Fig. 1.—The champion.
Fig. 1.—The champion.
The great and supreme art of batting constitutes to the large majority of cricketers the most enjoyable part of the game. There are three especially delightful moments in life connected with games, and only those who have experienced all three can realise what these moments are. They are (1) the cut stroke at tennis, when the striker wins chase one and two on the floor; (2) the successful drive at golf, when the globe is despatched on a journey of 180 yards; (3) a crack to square-leg off a half-volley just outside the legs. When once the sensation has been realised by any happy mortal, he is almost entitled to chant in a minor key a ‘Nunc Dimittis,’ to feel that the supreme moment has come, and that he has not lived in vain.
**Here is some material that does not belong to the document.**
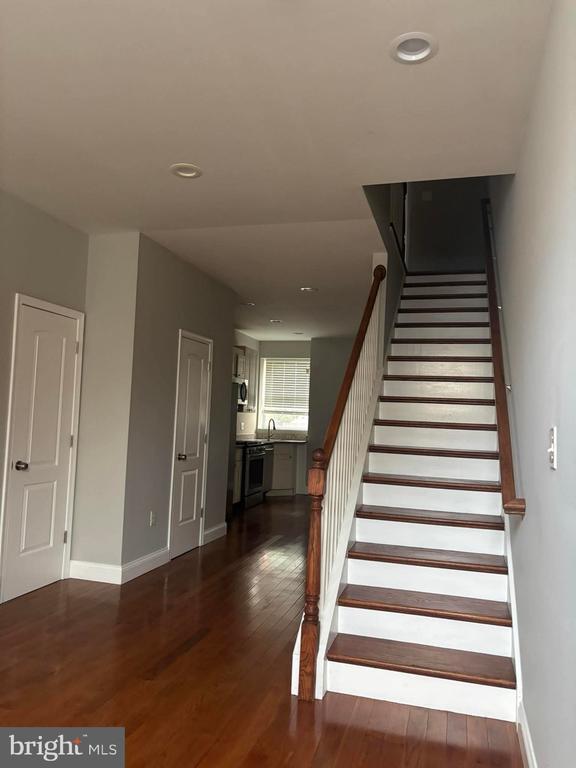 Building Photo - 411 Robert St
After what has been said in the foregoing chapter we shall here only touch upon the cricket of the past in so far as seems necessary to make this dissertation on batting tolerably complete, and shall then proceed to discuss the principles and science of the art as it now exists.
The shape of the bat in the year 1746—which may be taken as a beginning, for it was in that year that the first score of a match was printed and handed down to posterity, at any rate in Lillywhite’s ‘Scores and Biographies’—resembled a thick crooked stick more than a modern bat.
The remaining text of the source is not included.